My nine-year-old daughter asked me for something and when I refused, she said, “If you don’t do it then I’ll be sad and I’ll suffer,” I told her, “You can be sad if you choose so, but to suffer you’ll also have to feel sorry for yourself. Because that’s what suffering is, feeling sorry for yourself.”
“Well, that came out nice,” I thought. I took the lesson I had just taught my daughter to my walk later in the day and continued pondering over it. I’ve both experienced and studied suffering a lot in my life, but the perspective that suffering equals self-pity was so refreshingly new to me I wondered if it was even my thought!
Someone once said, if you don’t like something either accept it or change it, all else is madness! Undesirable things happen to us regularly and we reject them fervently each time. People, events, and situations seem to create feelings of annoyance, anger, sadness, melancholy, depression and we keep reacting to them with rejection and dejection, suffering in the process.
Letting go of control
So, in one of the innumerable reflections I’ve had with my wife, this topic came up. We mutually felt that humans try too hard to reinforce this very wrong notion that we are in control of our circumstances. That’s not to say we should become fatalists, however, it’s important to realize that there are infinite variables playing at all times to cause people to act, events to turn out, and situations to form the way they do. The resultant mindset isn’t to encourage indifference but to inspire awareness and recognizing when to accept outcomes and let go of the steering.
An event happens that we don’t like, we should put all our might to change the outcome to a desirable one and when that doesn’t happen accept it. A situation is just a recurring pattern of events and allows for a similar approach. And we can’t change people; so when encountered with a person who acts unacceptably, just avoid them as much as possible. Regardless of the scenario, act to adapt–Accept, Change, or Evade.

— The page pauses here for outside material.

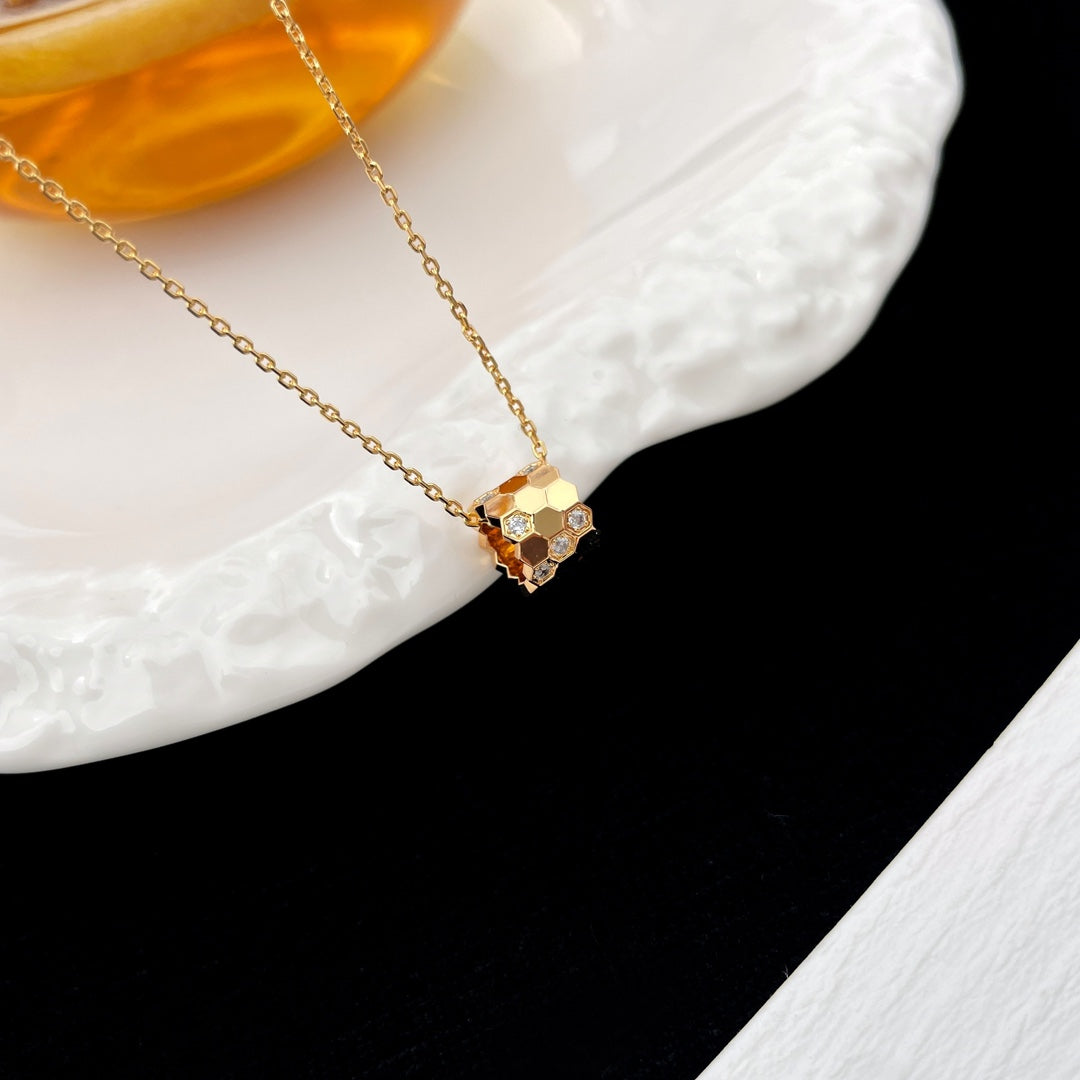 [Glitter Jewelry]BEE MINI PEDANT DIAMOND NECKLACE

Many, myself included, have taken significant actions to change their lives for better. That includes changing habits, lifestyles, jobs, neighborhoods, countries, relationships, just to name a few.
Who makes you suffer?
The archetype of suffering is a needy person who can’t accept their situation and yet does nothing about it. Accepting things the way they are is not an inaction. Quite the opposite, it’s a well-informed and deliberate action. It’s all about making decisions, to bring life transactions to closure, one at a time. When you’re decisive, you create a positive environment for yourself and others. When you’re not, you suffer. And the only person you can blame for that is the one in the mirror.